Problem to work on: Find the line with "Nike - Jordan- Baby" in the entries below, then reproduce it and every line after it down to and including the line with "Hänge-Klarsichttasche, für Format", exactly.

Entries provided:
______
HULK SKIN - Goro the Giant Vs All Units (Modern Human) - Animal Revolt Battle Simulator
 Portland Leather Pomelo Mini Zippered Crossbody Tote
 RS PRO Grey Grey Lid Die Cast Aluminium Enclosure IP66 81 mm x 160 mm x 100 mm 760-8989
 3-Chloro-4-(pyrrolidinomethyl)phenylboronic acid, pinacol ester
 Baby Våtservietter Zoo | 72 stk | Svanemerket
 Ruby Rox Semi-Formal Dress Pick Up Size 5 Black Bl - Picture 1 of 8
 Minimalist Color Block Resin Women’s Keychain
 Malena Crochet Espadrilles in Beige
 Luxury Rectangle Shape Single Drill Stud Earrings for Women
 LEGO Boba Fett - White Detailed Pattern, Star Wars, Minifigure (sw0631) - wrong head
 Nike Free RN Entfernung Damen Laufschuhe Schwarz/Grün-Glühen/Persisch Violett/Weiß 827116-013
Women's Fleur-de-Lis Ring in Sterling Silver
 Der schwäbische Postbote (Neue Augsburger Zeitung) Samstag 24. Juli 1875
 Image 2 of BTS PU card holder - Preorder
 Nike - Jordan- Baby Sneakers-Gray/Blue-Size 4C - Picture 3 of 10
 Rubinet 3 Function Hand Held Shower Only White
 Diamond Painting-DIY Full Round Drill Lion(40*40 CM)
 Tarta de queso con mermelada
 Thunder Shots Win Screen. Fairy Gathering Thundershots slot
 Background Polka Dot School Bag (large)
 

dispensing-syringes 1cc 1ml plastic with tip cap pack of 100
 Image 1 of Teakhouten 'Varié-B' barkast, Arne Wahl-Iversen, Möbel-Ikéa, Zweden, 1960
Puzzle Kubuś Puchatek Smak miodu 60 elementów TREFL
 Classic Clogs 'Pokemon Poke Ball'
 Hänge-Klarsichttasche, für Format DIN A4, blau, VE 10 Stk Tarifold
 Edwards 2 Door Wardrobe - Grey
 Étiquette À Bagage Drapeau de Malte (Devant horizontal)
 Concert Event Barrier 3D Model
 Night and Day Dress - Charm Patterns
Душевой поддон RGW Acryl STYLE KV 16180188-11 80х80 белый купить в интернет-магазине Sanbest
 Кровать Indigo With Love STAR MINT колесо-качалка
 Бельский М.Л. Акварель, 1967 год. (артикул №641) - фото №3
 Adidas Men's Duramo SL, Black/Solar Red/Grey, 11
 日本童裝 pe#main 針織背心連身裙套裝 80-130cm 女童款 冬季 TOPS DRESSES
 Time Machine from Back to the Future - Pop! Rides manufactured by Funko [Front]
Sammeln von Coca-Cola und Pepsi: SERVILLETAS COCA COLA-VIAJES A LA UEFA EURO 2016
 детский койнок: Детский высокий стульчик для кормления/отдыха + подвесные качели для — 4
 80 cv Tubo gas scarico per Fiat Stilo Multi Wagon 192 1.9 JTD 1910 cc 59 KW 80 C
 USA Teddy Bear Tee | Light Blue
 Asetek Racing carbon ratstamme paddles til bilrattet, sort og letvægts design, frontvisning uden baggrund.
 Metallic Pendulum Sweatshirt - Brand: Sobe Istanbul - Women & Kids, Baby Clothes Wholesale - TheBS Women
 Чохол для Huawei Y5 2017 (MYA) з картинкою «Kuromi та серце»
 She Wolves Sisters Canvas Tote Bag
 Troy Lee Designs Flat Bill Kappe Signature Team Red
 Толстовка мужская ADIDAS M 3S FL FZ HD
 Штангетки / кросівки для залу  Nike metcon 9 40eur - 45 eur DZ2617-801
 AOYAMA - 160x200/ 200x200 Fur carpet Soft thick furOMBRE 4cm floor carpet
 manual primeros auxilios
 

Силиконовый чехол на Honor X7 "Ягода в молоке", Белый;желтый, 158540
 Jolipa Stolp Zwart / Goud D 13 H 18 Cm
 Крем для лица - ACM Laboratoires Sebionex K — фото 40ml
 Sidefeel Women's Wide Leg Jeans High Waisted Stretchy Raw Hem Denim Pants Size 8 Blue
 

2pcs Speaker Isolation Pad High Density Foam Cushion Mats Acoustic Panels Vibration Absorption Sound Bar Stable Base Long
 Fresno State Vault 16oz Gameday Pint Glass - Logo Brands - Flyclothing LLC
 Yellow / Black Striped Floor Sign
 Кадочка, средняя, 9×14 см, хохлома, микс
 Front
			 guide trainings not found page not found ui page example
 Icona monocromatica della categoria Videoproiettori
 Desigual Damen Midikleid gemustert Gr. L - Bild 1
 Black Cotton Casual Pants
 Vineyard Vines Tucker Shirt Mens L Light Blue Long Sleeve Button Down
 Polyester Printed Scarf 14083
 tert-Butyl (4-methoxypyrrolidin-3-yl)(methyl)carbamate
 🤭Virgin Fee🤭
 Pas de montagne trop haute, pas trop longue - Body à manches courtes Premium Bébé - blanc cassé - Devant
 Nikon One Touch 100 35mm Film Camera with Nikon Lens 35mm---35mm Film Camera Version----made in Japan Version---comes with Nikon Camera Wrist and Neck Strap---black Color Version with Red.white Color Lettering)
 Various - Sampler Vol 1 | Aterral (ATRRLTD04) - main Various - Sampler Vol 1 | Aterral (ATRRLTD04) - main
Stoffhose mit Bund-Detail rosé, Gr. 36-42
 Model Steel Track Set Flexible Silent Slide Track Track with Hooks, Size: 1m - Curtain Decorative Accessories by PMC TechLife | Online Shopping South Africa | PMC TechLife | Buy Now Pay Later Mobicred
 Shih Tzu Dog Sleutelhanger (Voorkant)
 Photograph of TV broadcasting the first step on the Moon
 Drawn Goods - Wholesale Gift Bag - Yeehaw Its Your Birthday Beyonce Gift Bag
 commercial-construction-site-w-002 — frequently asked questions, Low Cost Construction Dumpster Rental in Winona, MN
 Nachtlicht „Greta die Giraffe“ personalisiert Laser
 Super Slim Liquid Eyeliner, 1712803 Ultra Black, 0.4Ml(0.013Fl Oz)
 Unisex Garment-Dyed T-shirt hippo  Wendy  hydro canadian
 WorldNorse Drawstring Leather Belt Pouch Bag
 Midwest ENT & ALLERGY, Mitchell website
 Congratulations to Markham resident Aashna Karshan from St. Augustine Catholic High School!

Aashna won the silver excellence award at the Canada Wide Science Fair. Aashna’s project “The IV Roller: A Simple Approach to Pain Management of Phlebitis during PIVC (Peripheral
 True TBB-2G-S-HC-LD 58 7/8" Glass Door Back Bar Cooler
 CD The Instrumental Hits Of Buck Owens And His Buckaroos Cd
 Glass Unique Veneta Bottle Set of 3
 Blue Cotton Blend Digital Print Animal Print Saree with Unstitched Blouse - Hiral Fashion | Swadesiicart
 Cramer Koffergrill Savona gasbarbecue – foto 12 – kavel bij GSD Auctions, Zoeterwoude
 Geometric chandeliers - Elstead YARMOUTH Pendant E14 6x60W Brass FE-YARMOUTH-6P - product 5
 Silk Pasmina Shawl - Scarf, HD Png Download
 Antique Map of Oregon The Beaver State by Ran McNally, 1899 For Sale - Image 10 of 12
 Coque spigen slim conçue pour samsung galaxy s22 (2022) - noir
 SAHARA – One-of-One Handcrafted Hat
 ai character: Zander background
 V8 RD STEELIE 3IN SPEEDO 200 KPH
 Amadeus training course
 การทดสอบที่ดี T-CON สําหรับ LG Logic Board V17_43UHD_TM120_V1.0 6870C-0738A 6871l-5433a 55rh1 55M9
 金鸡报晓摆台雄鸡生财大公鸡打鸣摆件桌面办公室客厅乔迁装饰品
______
Answer section:
 Nike - Jordan- Baby Sneakers-Gray/Blue-Size 4C - Picture 3 of 10
 Rubinet 3 Function Hand Held Shower Only White
 Diamond Painting-DIY Full Round Drill Lion(40*40 CM)
 Tarta de queso con mermelada
 Thunder Shots Win Screen. Fairy Gathering Thundershots slot
 Background Polka Dot School Bag (large)
 

dispensing-syringes 1cc 1ml plastic with tip cap pack of 100
 Image 1 of Teakhouten 'Varié-B' barkast, Arne Wahl-Iversen, Möbel-Ikéa, Zweden, 1960
Puzzle Kubuś Puchatek Smak miodu 60 elementów TREFL
 Classic Clogs 'Pokemon Poke Ball'
 Hänge-Klarsichttasche, für Format DIN A4, blau, VE 10 Stk Tarifold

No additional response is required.